= PROBLEM TO WORK ON =
Below is a listing; retype exactly the lines between the one containing "22 STARTER HEIFERS READY 4 GRASS 🌱 - Image 3" and the one containing "กีวี สุดยอดผลไม้ต้านหอบหืด – ชะลอวัย", inclusive, minus the pictures.

= THE DATA =

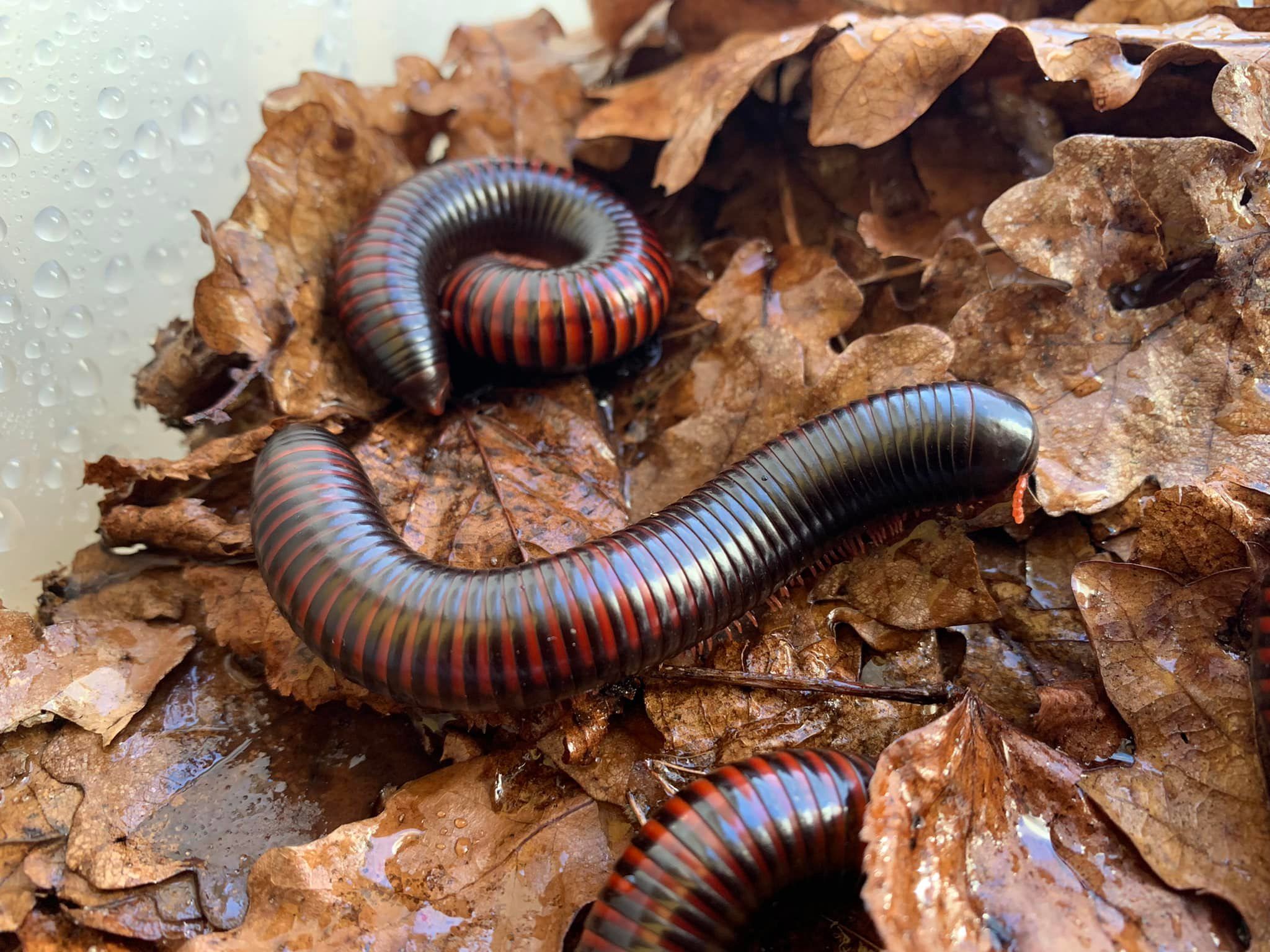 Pelmatoiulus excisus Rood Gebande Miljoenpoot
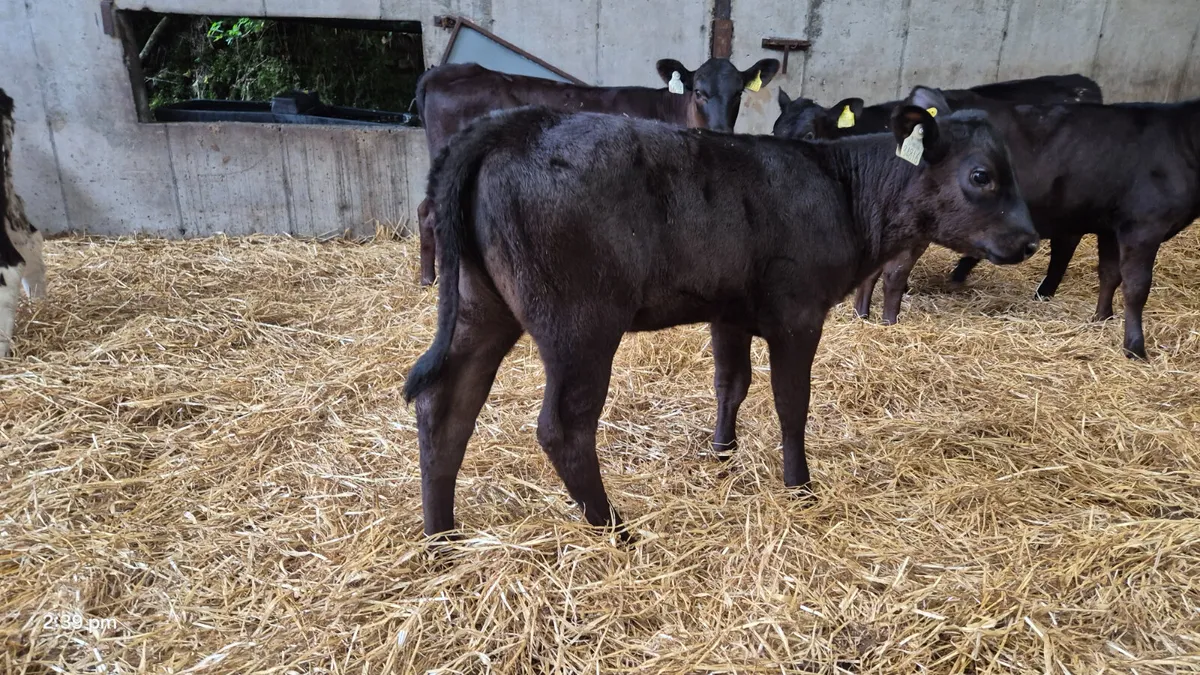 22 STARTER HEIFERS READY 4 GRASS 🌱 - Image 3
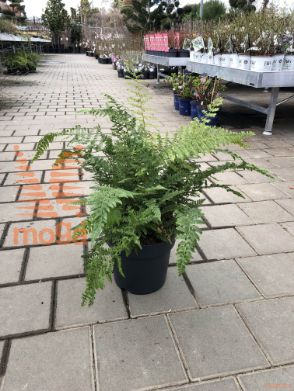 luskastodlakava podlesnica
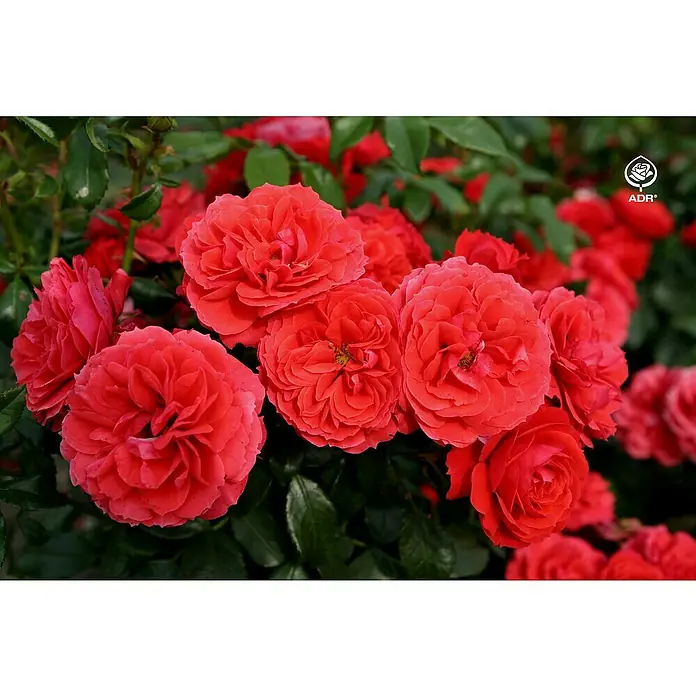 Piardino Edelrose ADR - 6 l, Blütenfarbe: Sortenabhängig - Detailaufnahme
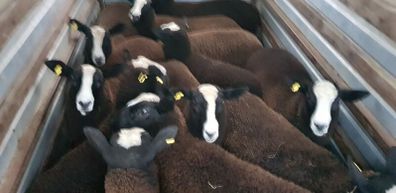 Pure bred zwartable ewe  lambs + 3 pure bred zwart
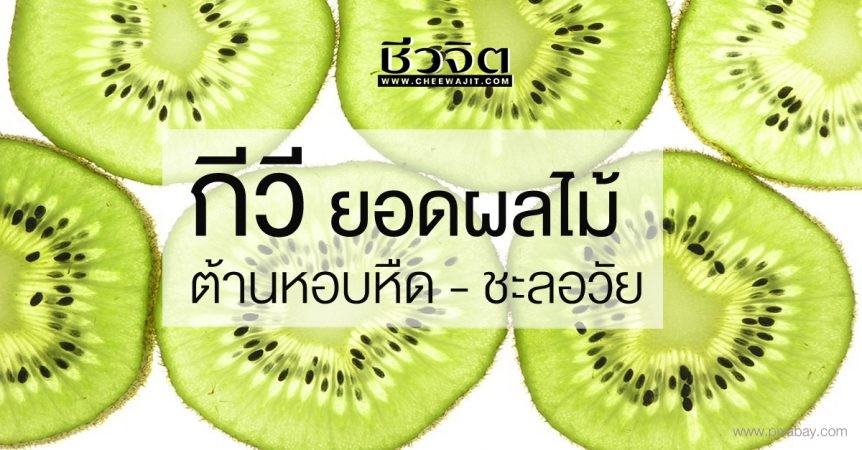 กีวี สุดยอดผลไม้ต้านหอบหืด – ชะลอวัย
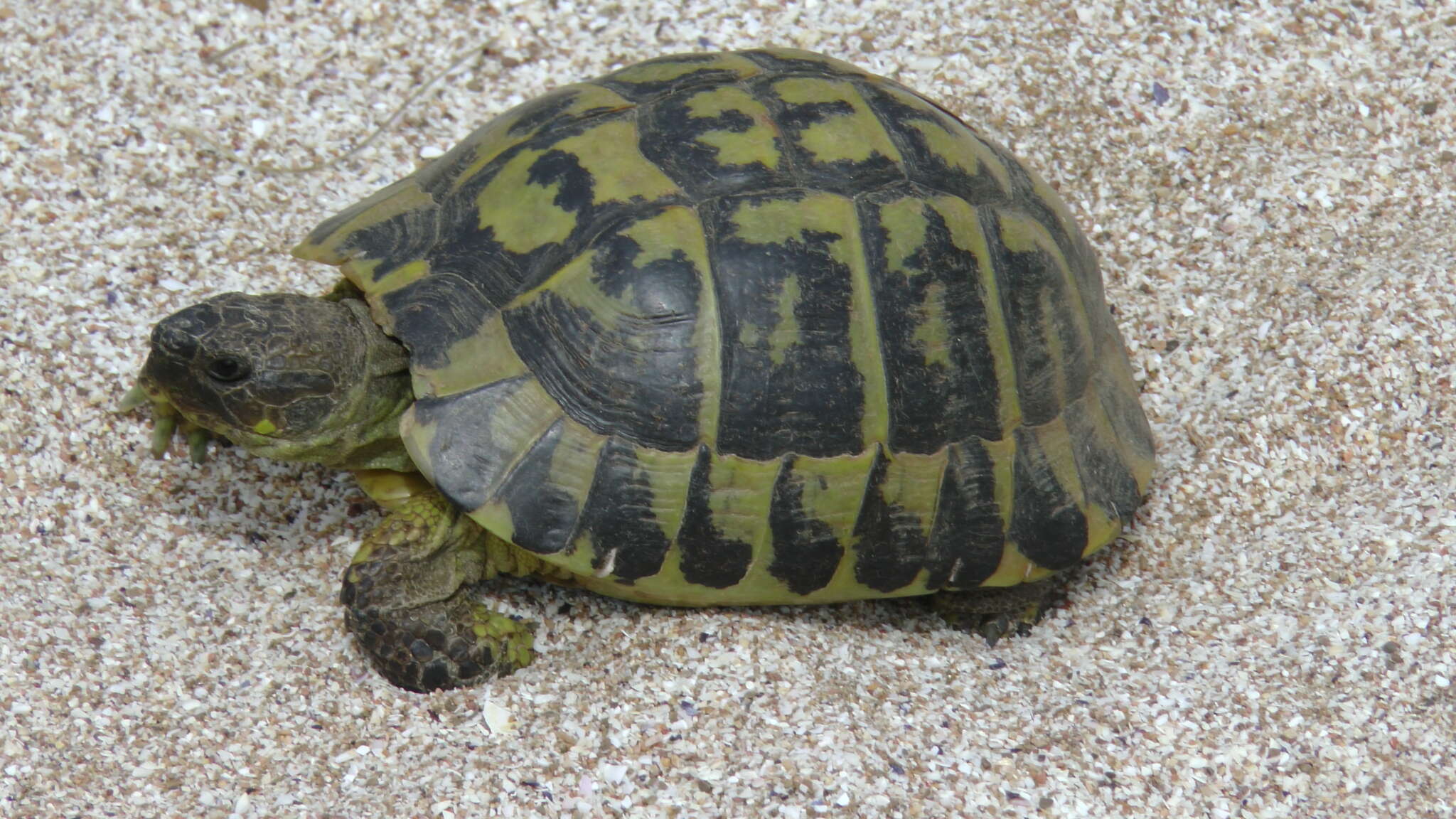 Image of Western Hermann's Tortoise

= SOLUTION FOR THIS TASK =
 22 STARTER HEIFERS READY 4 GRASS 🌱 - Image 3
 luskastodlakava podlesnica
 Piardino Edelrose ADR - 6 l, Blütenfarbe: Sortenabhängig - Detailaufnahme
 Pure bred zwartable ewe  lambs + 3 pure bred zwart
 กีวี สุดยอดผลไม้ต้านหอบหืด – ชะลอวัย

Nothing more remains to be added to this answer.